All of lore.kernel.org
 help / color / mirror / Atom feed
* [Cluster-devel] SCTP versus OpenAIS/corosync time-outs
@ 2009-10-31  0:20 Lars Marowsky-Bree
  2009-11-02  8:41 ` Christine Caulfield
  0 siblings, 1 reply; 5+ messages in thread
From: Lars Marowsky-Bree @ 2009-10-31  0:20 UTC (permalink / raw)
  To: cluster-devel.redhat.com

Hi all, David,

I'm contemplating SCTP versus OpenAIS/corosync. Is dlm_controld(.pcmk)
pro-actively informed if a single ring/link goes down, as to trigger
faster SCTP recovery - or is it left for SCTP to time out on its own and
proceed?

If the latter - is there a way to auto-tune the SCTP time-outs to make
sure the DLM doesn't stall longer than that? I'm wondering whether
there's any chance for higher-level time-outs, ie a monitor operation on
a filesystem-using service.

RFC 5061 seems to support dynamic reconfiguration in such a fashion. If
I'm reading http://tools.ietf.org/html/rfc4960#page-87 correctly, SCTP
multi-homing is "active/passive", so there's some latency on the
fail-over at least. If several links go down at once, SCTP might try
them in sequence and pick the one surviving link last, incurring a large
latency.

No concurrently active transmission ("rrp_mode active") - I wonder if it
is possible to put SCTP into such an mode, or, vice-versa, if this means
the DLM might be better off directly opening several TCP connections on
its own (and using them all at once, simply discarding duplicate
messages)?


I'm not sure what kind of problems exist, if any, but this may be a
worth-while thing to consider or at least contemplate. I welcome
feedback ;-)


Regards,
    Lars

-- 
Architect Storage/HA, OPS Engineering, Novell, Inc.
SUSE LINUX Products GmbH, GF: Markus Rex, HRB 16746 (AG N?rnberg)
"Experience is the name everyone gives to their mistakes." -- Oscar Wilde



^ permalink raw reply	[flat|nested] 5+ messages in thread

* [Cluster-devel] SCTP versus OpenAIS/corosync time-outs
  2009-10-31  0:20 [Cluster-devel] SCTP versus OpenAIS/corosync time-outs Lars Marowsky-Bree
@ 2009-11-02  8:41 ` Christine Caulfield
  2009-11-02 16:37   ` David Teigland
  2009-11-04 21:29   ` Lars Marowsky-Bree
  0 siblings, 2 replies; 5+ messages in thread
From: Christine Caulfield @ 2009-11-02  8:41 UTC (permalink / raw)
  To: cluster-devel.redhat.com

On 31/10/09 00:20, Lars Marowsky-Bree wrote:
> Hi all, David,
>
> I'm contemplating SCTP versus OpenAIS/corosync. Is dlm_controld(.pcmk)
> pro-actively informed if a single ring/link goes down, as to trigger
> faster SCTP recovery - or is it left for SCTP to time out on its own and
> proceed?

Corosync tells no-one, apart from syslog, if a link goes down. I imagine 
its possible for the CFG subsystem to inform applications of link state 
changes but it doesn't currently do so.


> If the latter - is there a way to auto-tune the SCTP time-outs to make
> sure the DLM doesn't stall longer than that? I'm wondering whether
> there's any chance for higher-level time-outs, ie a monitor operation on
> a filesystem-using service.

I imagine it's possible to tell SCTP the cman values for timeouts. It 
doesn't happen at the moment but perhaps it should. There is a lot of 
score for more auto-configuration of things in clustering I think.

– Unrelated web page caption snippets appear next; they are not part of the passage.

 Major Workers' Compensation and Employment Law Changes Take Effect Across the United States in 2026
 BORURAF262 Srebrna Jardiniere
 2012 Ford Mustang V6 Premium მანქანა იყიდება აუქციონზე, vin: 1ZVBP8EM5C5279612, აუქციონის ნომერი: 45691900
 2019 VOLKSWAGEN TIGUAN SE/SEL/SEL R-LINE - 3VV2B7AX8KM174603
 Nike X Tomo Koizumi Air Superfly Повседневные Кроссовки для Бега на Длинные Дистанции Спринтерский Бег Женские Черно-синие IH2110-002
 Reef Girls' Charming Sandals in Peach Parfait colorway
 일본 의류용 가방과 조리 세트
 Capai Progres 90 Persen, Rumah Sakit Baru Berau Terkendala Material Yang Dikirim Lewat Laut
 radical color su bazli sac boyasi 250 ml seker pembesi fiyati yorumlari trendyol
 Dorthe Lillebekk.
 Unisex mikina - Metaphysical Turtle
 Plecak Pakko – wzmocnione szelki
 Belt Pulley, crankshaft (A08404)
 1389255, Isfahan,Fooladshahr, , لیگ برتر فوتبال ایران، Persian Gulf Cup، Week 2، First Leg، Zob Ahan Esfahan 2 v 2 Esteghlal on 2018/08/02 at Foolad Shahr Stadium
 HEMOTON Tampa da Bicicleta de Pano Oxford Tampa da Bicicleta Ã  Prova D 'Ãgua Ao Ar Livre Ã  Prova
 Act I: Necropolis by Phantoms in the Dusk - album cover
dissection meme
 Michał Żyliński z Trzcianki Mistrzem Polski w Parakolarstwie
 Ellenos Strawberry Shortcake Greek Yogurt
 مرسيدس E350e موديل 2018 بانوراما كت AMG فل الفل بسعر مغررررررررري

> RFC 5061 seems to support dynamic reconfiguration in such a fashion. If
> I'm reading http://tools.ietf.org/html/rfc4960#page-87 correctly, SCTP
> multi-homing is "active/passive", so there's some latency on the
> fail-over at least. If several links go down at once, SCTP might try
> them in sequence and pick the one surviving link last, incurring a large
> latency.
>
> No concurrently active transmission ("rrp_mode active") - I wonder if it
> is possible to put SCTP into such an mode, or, vice-versa, if this means
> the DLM might be better off directly opening several TCP connections on
> its own (and using them all at once, simply discarding duplicate
> messages)?

If you want to add TCP multi-homing code to the DLM, feel free. But 
it'll be complicated and messy I promise. And it seems pointless to 
reimplement all the sort of failover code that's already in SCTP for free.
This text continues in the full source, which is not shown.